Opinia KNF jest odpowiedzią na moje pismo i jest adresowana do mnie. Nie może więc jej Pani zastosować bezpośrednio do swojej sprawy. Można natomiast taką opinię uzyskać w Pani sprawie. Trzeba sprecyzować problem od strony prawnej i poprosić o opinię dział prawny KNF. Ja czekałam na załatwienie sprawy ok 1 mies. Jednak opinia KNF nie załatwia sprawy. Bank na pewno nie wypłaci odszkodowania tylko na pdst. opinii KNF. Konieczny jest proces sądowy i nawet jeśli sąd orzeknie o winie banku /czyli wadliwym pełnomocnictwie/, to też jeszcze nie przesądza sprawy. Trzeba udowodnić szkodę wynikającą z wadliwie spisanego pełnomocnictwa. Jeśli pełnomocnik pobrał pieniądze z konta, to bank może jeszcze wykazać, że pomimo wadliwe spisanego pełnomocnictwa mocodawca jednak faktycznie powołał pełnomocnika do danego konta /konwalidacja czynności prawnej/. Każda sprawa jest inna.

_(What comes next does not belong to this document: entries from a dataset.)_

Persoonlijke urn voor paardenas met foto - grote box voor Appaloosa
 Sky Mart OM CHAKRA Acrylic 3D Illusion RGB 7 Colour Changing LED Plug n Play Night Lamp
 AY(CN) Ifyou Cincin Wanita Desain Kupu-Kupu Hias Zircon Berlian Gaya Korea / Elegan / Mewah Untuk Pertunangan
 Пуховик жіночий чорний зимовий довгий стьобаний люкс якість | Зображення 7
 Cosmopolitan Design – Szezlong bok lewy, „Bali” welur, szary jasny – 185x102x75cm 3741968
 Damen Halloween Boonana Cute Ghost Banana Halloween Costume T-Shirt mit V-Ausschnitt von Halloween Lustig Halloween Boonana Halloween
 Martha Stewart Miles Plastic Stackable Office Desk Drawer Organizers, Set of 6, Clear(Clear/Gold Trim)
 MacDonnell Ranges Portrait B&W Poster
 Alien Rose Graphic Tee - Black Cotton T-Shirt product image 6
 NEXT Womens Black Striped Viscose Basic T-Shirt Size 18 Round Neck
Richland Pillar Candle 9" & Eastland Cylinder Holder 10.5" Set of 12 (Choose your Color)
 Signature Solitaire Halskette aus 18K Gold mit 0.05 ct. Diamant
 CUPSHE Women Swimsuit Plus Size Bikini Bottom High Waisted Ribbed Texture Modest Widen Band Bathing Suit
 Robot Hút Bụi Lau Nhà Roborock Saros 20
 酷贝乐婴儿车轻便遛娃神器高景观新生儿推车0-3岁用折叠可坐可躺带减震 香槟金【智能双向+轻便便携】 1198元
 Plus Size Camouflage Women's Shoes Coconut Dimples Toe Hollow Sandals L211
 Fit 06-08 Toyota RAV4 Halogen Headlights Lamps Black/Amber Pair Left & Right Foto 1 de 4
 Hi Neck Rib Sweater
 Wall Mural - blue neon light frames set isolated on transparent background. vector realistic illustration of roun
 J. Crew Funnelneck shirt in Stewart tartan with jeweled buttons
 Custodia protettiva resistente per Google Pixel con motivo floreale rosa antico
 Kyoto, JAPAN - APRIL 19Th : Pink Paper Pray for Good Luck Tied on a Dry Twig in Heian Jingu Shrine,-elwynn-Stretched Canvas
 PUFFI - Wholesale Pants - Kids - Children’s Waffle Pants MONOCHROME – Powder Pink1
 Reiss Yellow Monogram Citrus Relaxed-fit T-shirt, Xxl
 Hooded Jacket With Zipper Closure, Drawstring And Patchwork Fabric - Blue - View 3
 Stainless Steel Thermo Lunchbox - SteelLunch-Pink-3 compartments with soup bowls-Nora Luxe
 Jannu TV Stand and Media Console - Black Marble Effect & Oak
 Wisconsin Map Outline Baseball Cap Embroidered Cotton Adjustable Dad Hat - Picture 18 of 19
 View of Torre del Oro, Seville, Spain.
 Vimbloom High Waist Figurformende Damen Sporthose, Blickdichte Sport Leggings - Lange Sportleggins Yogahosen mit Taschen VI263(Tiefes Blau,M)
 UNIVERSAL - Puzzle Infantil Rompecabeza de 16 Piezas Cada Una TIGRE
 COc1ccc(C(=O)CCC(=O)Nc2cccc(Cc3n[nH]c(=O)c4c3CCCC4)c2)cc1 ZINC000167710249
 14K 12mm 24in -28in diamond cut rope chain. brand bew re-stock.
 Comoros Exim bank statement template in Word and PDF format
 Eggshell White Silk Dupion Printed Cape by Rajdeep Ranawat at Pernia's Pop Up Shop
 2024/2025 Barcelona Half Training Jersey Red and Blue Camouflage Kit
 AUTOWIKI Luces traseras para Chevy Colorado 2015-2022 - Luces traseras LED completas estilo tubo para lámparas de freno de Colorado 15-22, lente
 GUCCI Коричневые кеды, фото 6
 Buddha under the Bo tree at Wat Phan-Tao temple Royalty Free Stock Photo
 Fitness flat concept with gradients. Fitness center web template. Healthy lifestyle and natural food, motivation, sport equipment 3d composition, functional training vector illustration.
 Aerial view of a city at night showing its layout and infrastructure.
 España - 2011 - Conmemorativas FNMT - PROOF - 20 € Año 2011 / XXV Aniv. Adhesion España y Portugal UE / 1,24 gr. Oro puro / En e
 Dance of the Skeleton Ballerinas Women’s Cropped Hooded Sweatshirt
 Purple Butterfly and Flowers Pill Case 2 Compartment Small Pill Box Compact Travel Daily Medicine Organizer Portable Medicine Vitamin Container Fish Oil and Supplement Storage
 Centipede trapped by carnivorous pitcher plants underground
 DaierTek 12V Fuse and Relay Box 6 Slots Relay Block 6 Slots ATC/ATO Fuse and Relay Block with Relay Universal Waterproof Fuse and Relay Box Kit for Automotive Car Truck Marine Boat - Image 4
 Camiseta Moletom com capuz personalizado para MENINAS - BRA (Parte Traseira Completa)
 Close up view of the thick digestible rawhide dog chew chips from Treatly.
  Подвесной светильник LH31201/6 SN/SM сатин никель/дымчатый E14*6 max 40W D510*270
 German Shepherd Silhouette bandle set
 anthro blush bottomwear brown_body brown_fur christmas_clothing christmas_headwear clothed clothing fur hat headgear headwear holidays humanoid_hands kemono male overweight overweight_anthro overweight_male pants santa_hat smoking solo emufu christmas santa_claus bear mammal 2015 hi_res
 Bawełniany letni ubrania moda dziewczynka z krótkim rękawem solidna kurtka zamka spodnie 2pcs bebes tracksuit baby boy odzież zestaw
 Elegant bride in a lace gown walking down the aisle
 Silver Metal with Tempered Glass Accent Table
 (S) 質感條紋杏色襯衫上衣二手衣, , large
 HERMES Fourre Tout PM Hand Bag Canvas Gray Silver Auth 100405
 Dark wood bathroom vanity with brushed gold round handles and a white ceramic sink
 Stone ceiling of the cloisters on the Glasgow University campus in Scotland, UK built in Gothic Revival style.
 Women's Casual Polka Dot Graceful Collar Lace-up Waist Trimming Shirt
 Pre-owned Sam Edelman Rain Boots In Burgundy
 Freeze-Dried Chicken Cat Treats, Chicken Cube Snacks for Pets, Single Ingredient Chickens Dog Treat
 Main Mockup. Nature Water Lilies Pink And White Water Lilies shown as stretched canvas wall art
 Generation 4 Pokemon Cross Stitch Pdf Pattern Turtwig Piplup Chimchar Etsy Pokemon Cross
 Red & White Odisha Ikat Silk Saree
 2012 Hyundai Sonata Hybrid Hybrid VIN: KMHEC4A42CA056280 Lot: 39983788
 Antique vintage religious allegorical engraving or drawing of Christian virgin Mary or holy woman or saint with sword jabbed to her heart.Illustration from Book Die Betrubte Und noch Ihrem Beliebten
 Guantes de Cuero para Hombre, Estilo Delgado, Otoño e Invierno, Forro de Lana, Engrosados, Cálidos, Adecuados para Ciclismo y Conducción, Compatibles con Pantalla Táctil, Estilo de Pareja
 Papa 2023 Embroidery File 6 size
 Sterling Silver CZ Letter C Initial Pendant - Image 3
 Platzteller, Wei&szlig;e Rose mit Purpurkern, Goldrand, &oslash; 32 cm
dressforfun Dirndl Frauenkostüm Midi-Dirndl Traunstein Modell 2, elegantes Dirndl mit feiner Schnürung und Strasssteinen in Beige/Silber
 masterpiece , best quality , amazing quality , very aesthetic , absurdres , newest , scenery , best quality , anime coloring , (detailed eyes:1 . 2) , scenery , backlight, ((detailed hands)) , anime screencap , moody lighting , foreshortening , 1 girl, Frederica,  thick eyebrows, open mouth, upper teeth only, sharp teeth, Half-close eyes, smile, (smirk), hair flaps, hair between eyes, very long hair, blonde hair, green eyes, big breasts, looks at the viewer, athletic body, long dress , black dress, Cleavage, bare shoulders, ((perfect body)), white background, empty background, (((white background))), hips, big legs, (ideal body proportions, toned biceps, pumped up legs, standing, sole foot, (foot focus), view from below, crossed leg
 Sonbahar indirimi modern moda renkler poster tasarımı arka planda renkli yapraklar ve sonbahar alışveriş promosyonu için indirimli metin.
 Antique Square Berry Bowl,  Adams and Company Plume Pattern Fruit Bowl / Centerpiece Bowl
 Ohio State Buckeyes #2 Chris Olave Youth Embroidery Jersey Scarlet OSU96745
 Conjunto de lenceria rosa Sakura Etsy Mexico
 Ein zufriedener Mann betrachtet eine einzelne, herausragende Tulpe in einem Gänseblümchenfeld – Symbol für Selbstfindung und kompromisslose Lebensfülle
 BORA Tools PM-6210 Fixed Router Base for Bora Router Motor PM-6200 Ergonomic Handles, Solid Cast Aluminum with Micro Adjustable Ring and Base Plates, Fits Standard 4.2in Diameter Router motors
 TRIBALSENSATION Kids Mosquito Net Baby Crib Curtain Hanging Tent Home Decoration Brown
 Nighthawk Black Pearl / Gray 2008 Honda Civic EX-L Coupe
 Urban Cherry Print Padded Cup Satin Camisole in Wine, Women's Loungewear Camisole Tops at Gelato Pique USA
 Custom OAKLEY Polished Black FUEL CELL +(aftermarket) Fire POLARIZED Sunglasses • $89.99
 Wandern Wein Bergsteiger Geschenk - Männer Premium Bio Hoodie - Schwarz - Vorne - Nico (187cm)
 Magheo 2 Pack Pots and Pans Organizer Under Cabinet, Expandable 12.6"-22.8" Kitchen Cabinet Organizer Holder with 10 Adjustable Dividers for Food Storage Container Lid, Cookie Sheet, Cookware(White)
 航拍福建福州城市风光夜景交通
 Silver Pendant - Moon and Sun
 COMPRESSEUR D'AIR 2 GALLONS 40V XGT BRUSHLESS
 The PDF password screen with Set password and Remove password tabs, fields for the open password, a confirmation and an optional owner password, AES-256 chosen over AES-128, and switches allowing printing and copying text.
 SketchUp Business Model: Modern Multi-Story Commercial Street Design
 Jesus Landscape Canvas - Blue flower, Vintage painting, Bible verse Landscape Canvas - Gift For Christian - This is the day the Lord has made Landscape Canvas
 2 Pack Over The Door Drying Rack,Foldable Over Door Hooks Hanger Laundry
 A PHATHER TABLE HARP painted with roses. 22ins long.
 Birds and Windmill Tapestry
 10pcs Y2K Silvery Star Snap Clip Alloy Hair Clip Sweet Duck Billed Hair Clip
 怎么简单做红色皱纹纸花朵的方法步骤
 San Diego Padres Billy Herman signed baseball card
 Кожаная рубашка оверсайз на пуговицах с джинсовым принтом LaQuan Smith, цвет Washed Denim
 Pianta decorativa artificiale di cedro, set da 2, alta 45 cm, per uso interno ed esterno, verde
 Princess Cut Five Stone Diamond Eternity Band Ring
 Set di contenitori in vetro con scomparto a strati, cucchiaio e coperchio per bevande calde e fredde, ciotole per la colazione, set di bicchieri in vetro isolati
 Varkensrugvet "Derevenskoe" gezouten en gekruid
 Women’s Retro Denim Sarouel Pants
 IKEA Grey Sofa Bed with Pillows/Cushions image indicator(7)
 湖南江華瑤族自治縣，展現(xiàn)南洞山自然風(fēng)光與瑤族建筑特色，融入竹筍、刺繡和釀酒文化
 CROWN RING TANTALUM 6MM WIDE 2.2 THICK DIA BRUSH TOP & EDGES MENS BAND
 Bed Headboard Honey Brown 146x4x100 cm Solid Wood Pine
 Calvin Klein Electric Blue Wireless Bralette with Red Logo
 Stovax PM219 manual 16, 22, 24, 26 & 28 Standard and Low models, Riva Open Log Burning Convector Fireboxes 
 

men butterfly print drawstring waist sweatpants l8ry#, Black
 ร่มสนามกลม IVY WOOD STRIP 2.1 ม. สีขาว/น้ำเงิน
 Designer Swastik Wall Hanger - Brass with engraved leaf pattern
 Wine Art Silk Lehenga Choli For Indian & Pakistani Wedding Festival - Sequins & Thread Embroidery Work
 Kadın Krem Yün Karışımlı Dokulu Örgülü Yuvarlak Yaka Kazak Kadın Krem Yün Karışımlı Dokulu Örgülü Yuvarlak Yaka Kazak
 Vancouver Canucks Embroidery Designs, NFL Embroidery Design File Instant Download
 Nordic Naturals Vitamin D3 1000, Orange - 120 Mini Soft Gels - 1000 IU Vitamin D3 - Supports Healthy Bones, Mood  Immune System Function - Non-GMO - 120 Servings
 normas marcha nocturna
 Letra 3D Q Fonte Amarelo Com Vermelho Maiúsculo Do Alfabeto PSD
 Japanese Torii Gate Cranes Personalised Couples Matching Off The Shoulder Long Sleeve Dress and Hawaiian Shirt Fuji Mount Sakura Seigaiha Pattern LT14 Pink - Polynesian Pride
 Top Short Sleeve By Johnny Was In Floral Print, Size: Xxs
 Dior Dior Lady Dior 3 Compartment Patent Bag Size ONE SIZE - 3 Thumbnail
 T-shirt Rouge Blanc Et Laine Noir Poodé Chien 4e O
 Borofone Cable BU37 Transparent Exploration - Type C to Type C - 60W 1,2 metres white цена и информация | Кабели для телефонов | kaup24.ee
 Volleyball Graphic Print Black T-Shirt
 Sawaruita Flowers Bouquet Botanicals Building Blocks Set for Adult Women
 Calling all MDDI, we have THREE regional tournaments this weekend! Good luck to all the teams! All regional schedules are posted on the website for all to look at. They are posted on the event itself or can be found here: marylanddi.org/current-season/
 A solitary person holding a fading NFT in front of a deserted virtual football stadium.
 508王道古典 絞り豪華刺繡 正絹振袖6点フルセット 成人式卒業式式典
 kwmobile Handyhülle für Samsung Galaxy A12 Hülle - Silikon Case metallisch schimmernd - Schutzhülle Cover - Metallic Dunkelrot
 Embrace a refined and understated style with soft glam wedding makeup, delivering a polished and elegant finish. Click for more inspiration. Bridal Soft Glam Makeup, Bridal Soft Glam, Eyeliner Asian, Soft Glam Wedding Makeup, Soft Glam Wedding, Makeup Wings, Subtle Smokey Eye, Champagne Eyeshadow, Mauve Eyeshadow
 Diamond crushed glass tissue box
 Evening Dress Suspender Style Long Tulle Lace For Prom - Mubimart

Ja w swojej sprawie dowody zbierałam przez 2 lata. Ostatecznie wypracowałam pozew - powództwo o ustalenie istnienia stosunku prawnego z dodatkowym powództwem ewentualnym i powództwem o zapłatę. Sprawa znalazła się w sądzie i czekam na wyznaczenie terminu rozprawy. Będę walczyć z bankiem sama i na razie jestem dobrej myśli.
Czy mogłaby Pani napisać jaki to bank w Pani przypadku, może ten sam co u mnie?